--- Records shown Enclosed Below ---
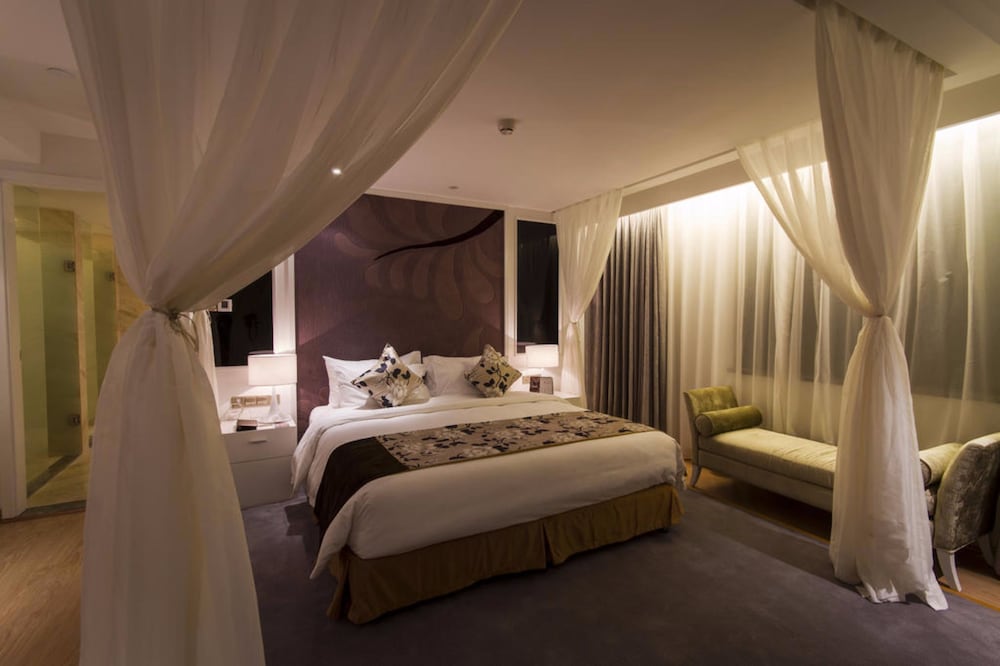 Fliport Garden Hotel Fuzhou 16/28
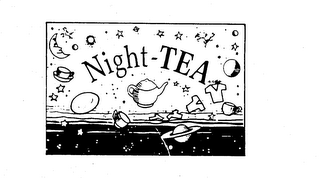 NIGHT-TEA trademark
--- End of Enclosed Records shown ---
--- Records shown Enclosed Below ---
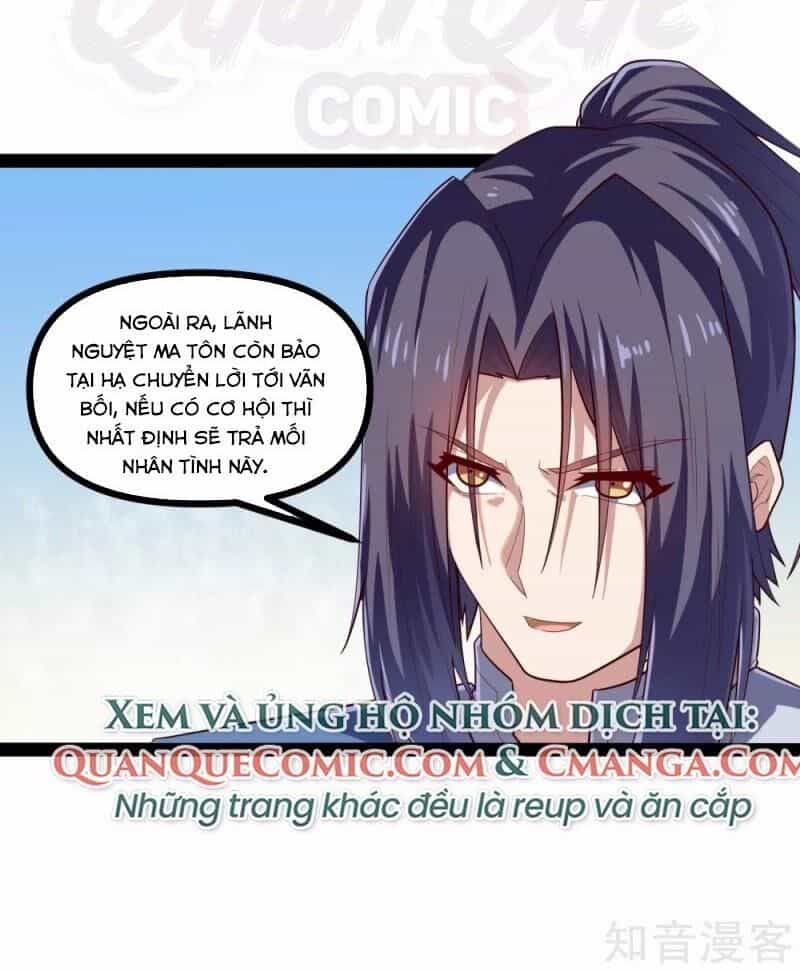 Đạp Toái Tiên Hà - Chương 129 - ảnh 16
--- End of Enclosed Records shown ---
> [About this exercise]
Output only the lines above from the one containing "Fliport Garden Hotel Fuzhou 16/28" to the one containing "NIGHT-TEA trademark", both included, exactly as written and with no pictures.

> [Solution to the problem]
 Fliport Garden Hotel Fuzhou 16/28
 NIGHT-TEA trademark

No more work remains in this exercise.